Available records ::

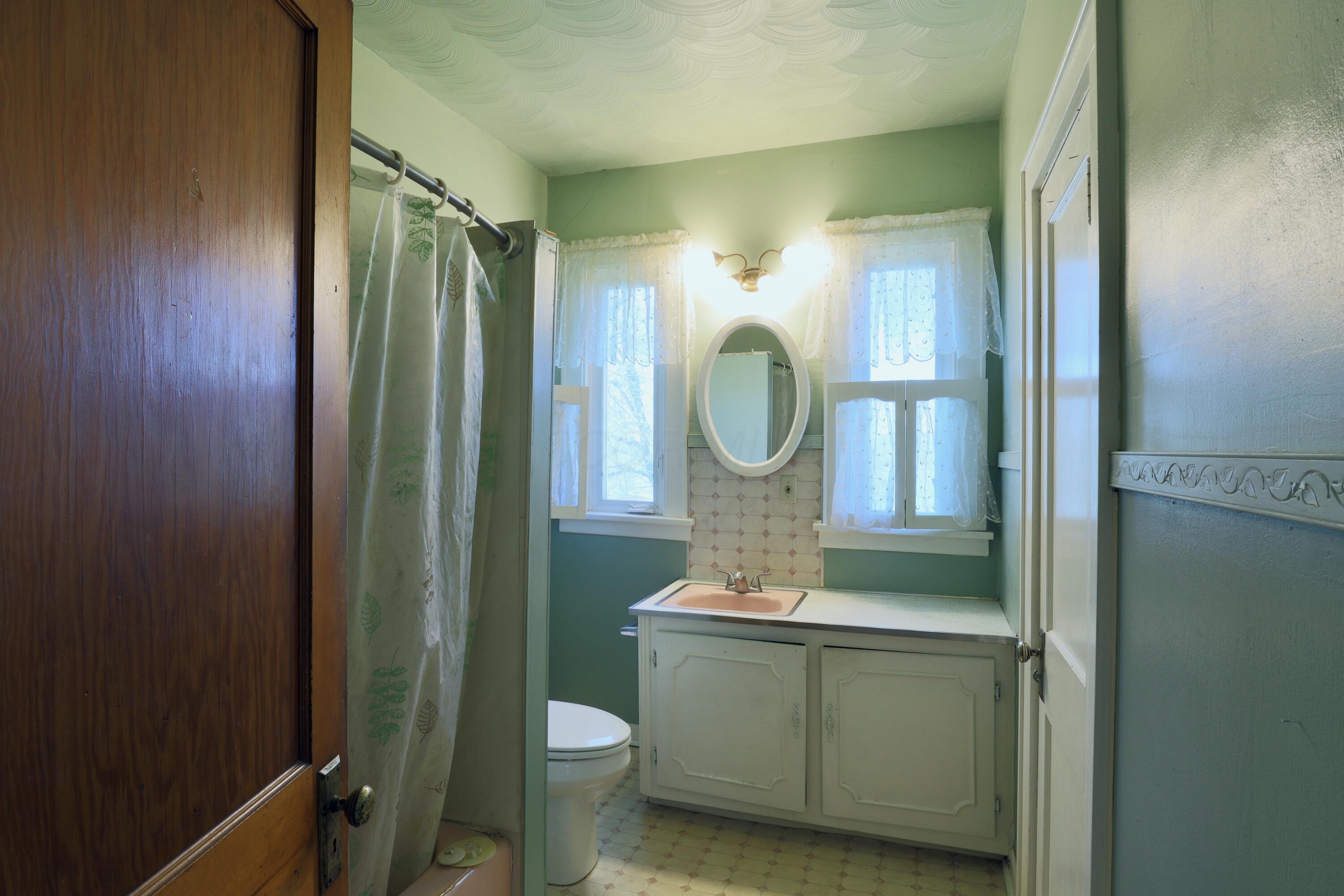 100 Wilson Avenue, Lancaster, Ohio image 10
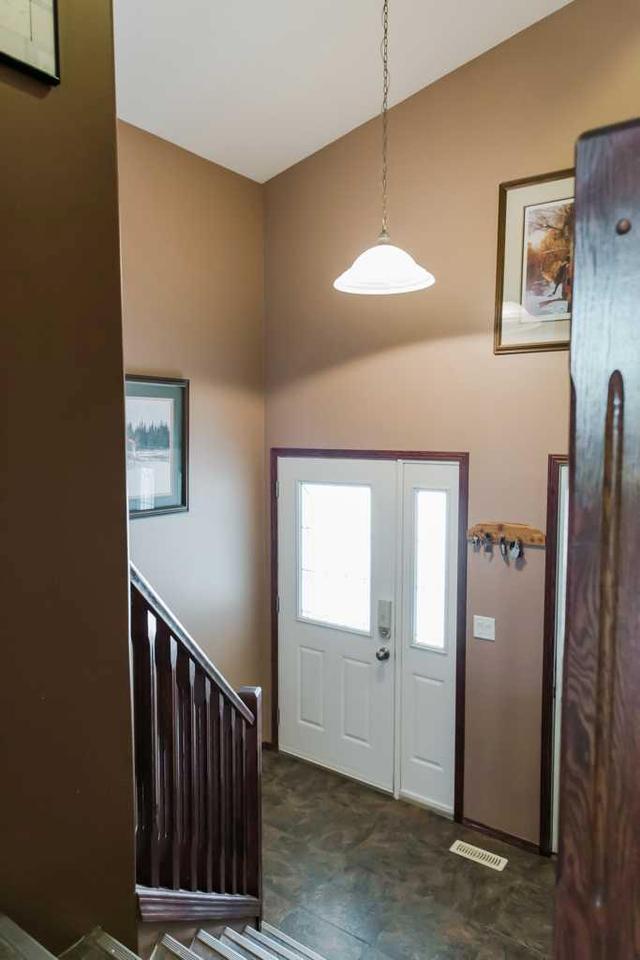 10249 72 Avenue, House detached with 4 bedrooms, 3 bathrooms and 8 parking in Grande Prairie AB | Image 9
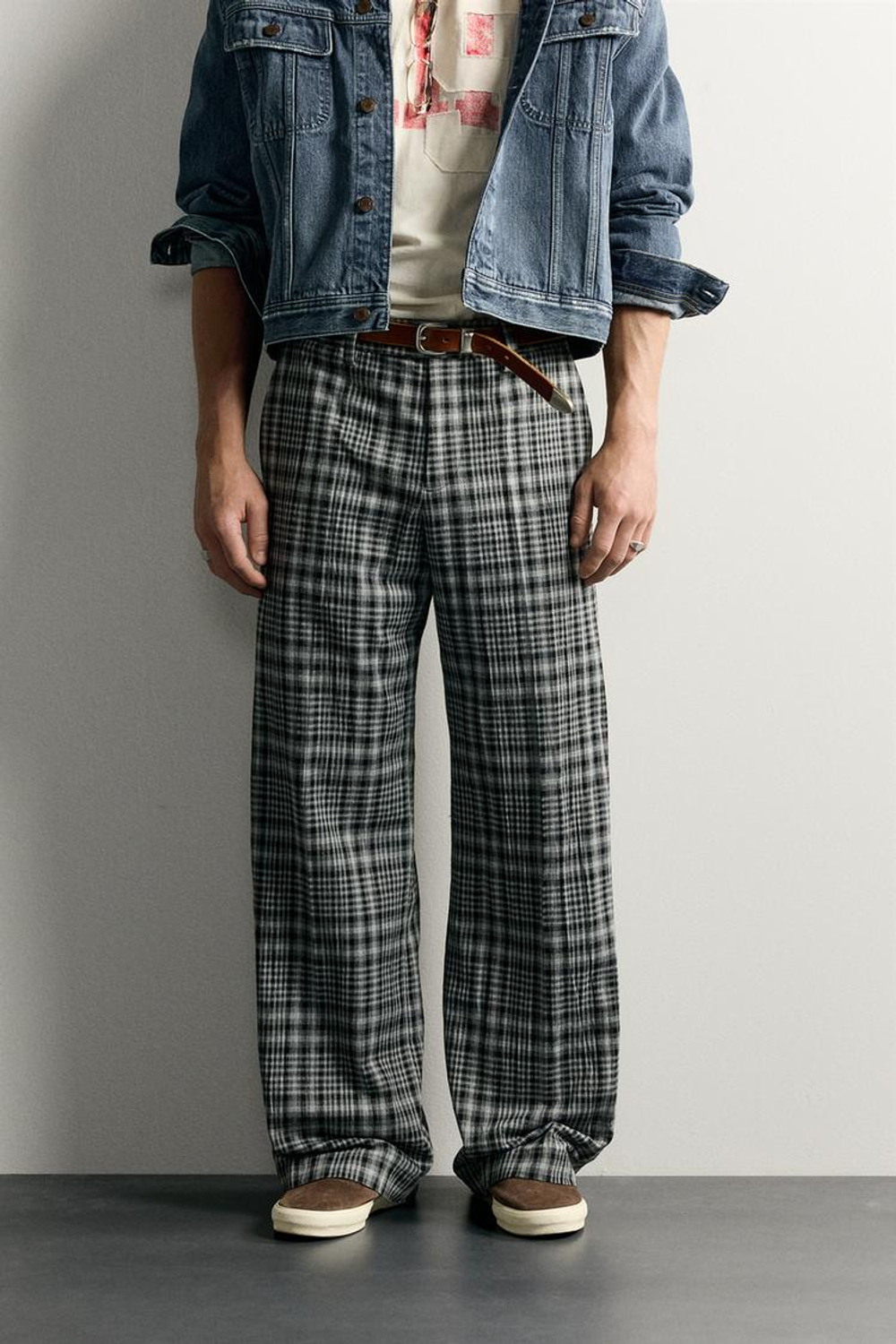 ZARA БРЮКИ FLARE FIT В КЛЕТКУ, СЕРЫЙ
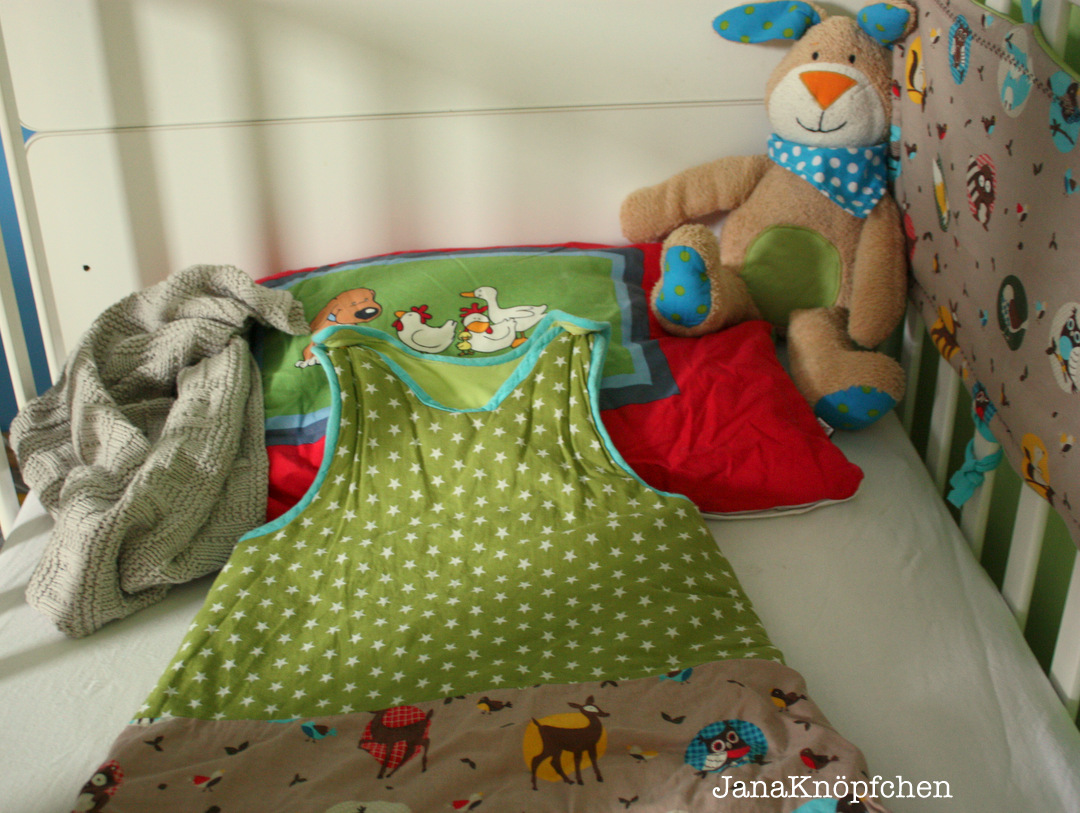 Kuschligen Schlafsack nähen für kleine Jungs. JanaKnöpfchen - Nähen für Jungs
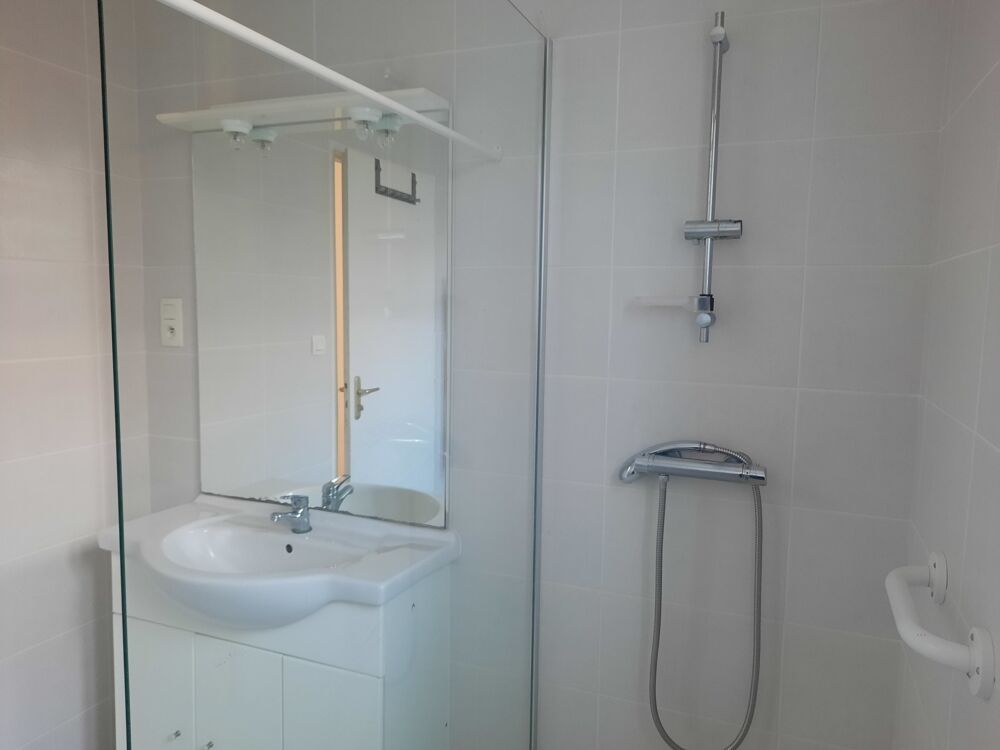 NEGREPELISSE - appartement T3 - au 1er étage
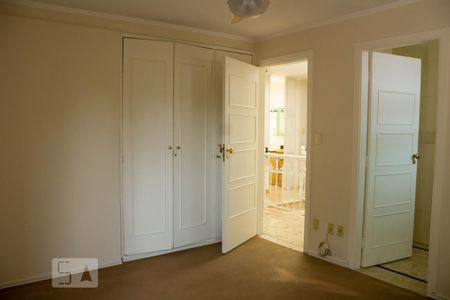 Casa à venda com 300m², 4 quartos e 3 vagas Casa à venda com 300m², 4 quartos e 3 vagasSuíte 2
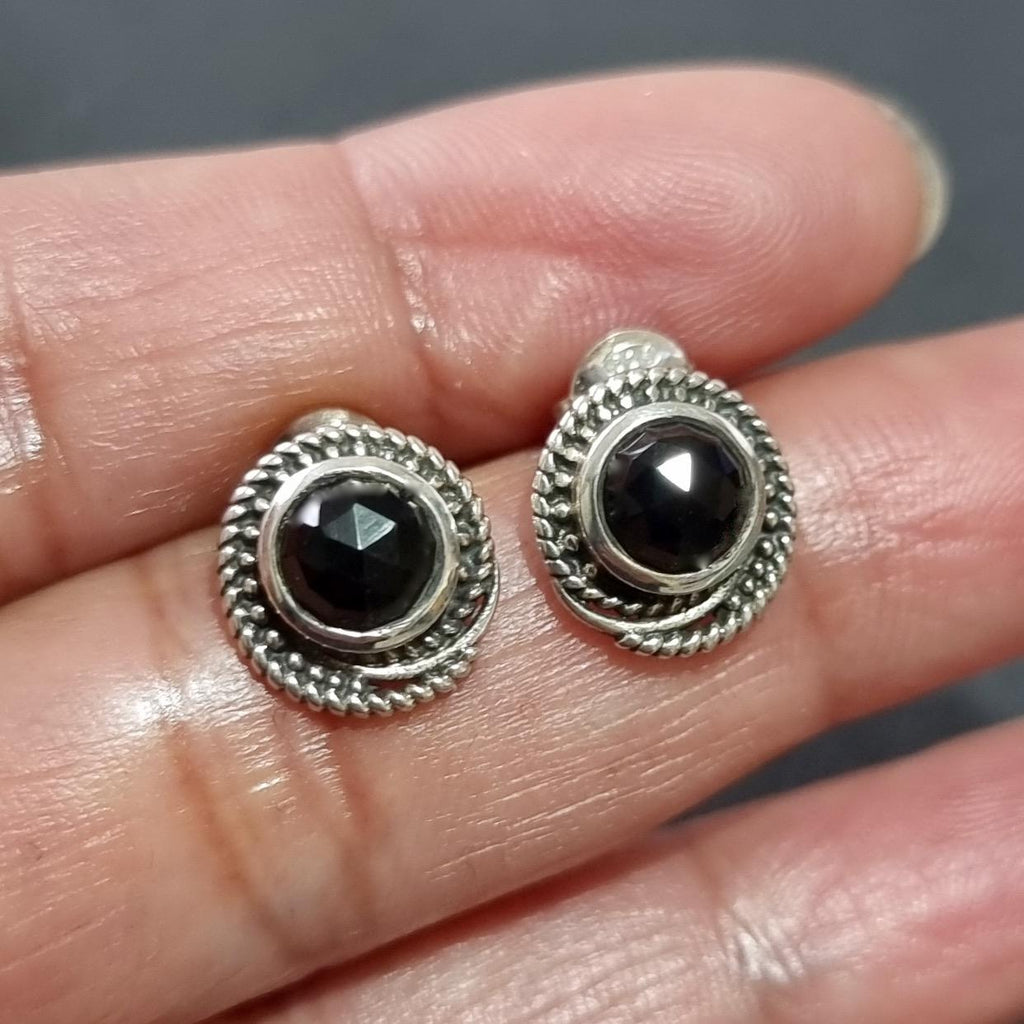 Boho Round 925 Silver Facetted Black Onyx Stud Earrings, S18O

Task ::
In the copy, leave out all pictures, and retype exactly each line from the one with "Kuschligen Schlafsack nähen" through the last line of the entries.

Exercise solution ::
 Kuschligen Schlafsack nähen für kleine Jungs. JanaKnöpfchen - Nähen für Jungs
 NEGREPELISSE - appartement T3 - au 1er étage
 Casa à venda com 300m², 4 quartos e 3 vagas Casa à venda com 300m², 4 quartos e 3 vagasSuíte 2
 Boho Round 925 Silver Facetted Black Onyx Stud Earrings, S18O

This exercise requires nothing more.